Here are five prospects to consider—and what our reporters learned from interviewing their authors this year:
When you think about the culture of Michigan’s Upper Peninsula, pasties, fishing, hunting and deep, deep snow immediately come to mind.
But author Candice Goucher hones in on another cultural aspect—the picnic—in “Picnics and Porcupines: Eating in the Wilderness of Michigan’s Upper Peninsula” (Wayne State University Press ($26.99).
The book covers topics from Indigenous people’s summer gatherings for the wild rice harvest that brought families together in outdoor camps to immigrant communities that brought their own picnic traditions which evolved in response to the local environment.
For example, Goucher told reporter Isabella Figueroa Nogueira how UP railroads opened their iron ore trains to passengers on Sundays. “These trains would stop and people would pay a small amount of money to get on them and be taken to a picnic ground where they could join others and enjoy the afternoon.”
In “Dead Moose on Isle Royale: Off Trail with the Citizen Scientists of the Wolf-Moose Project” (Michigan State University Press, $24.95) a veteran volunteer at Isle Royale National Park explains the passion of the people who sustain one of ecology’s longest-running studies. They’re the ones who find and photograph moose carcasses and haul them back to the researchers for scientific analysis.
Author Jeffrey Holden recalled to Figueroa how he joined up because “I was willing to literally dig in and get my hands dirty.”
The book evolved from a journal he kept, Holden said. “I was writing for non-scientist people, and I wanted it to be kind of informal and conversational, so it’s not a technical sort of text.”
There’s been a long-running debate about whether cougars live in Michigan or whether reported sightings are misidentifications, wishful thinking or hoaxes. Author Aaron Veselenak is a true believer in their presence.
He explains why in “Silent Springs the Panther: Historic Accounts of Michigan Big Cat Attacks” (Mission Point Press, $17.95), a book that combines his love for cougars with stories of encounters drawn from newspapers and historical documents.
Wildlife officials have since confirmed there are cougars in the state but say they likely were passing through from elsewhere. They say there’s no growing, native population in the state.
In defense of cougars, Veselenak told reporter Anna Barnes, “I think the large majority of people can read this book and conclude that just because it’s an animal that occasionally—but very rarely—harms people, it is worthy of our love, our respect and our protection.”
“Horse-drawn carriages clatter down car-free streets.
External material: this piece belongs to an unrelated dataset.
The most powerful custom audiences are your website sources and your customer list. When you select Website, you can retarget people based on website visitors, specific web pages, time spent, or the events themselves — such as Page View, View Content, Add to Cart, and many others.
The mouth-watering smell of fudge wafts from quaint storefronts,” Figueroa wrote. “Ferries glide across the Straits of Mackinac, carrying visitors to Michigan’s most famous – and most charming – tourist destination.”
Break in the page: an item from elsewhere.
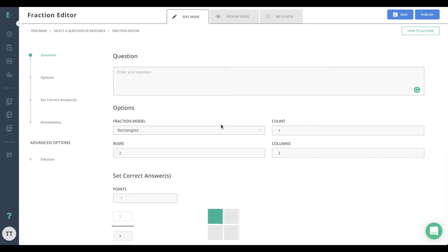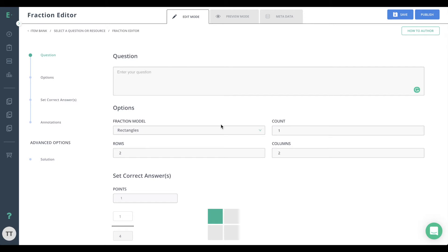Let's learn how to create a fraction editor question. Fraction editor allows students to interact with visual representations of fractions in the form of segmented circles or rectangles. Help your students develop their understanding of fractions as whole numbers through spatial learning and interactivity.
Wonder how a onetime strategic but remote military base and later a fishing village became home to the elegant Grand Hotel and an annual Lilac Festival? Author Frank Boles relates the story in “Visiting Mackinac, 150 Years of Tourism at Michigan’s Fabled Straits” (Michigan State University Press, $37.95).
“It may be beautiful but tourist sites are made by people. And people have different ideas. Tourism is not necessarily about promoting beauty,” Boles said. “It’s about the people who are doing it as an industry, making money,”
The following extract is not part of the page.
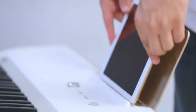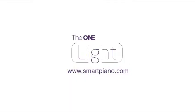It's performance ready. Choose from over 400 instrument sounds and perform for your friends. The One Light, the most portable way to learn piano.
“Shelter and Storm: A Home in the Driftless” (University of Minnesota Press, $19,95) is a collection of essays that draw on experiences of survivors who rebuilt their communities after a devastating 2018 flood in Southwest Wisconsin’s Driftless Area, a region that evaded the glaciers that carved the Great Lakes in the last Ice Age.
Author Tamara Dean and her friends launched the project for people to talk about their experiences, what they had lost, whom they had saved, who had helped them and what they had learned.
Dean told reporter Clara Lincolnhol that she hopes the book inspires enthusiasm and curiosity about her life in the Driftless, such things as blue-glowing fireflies, the wisdom of prairie fires and the silver-linings of tornadoes.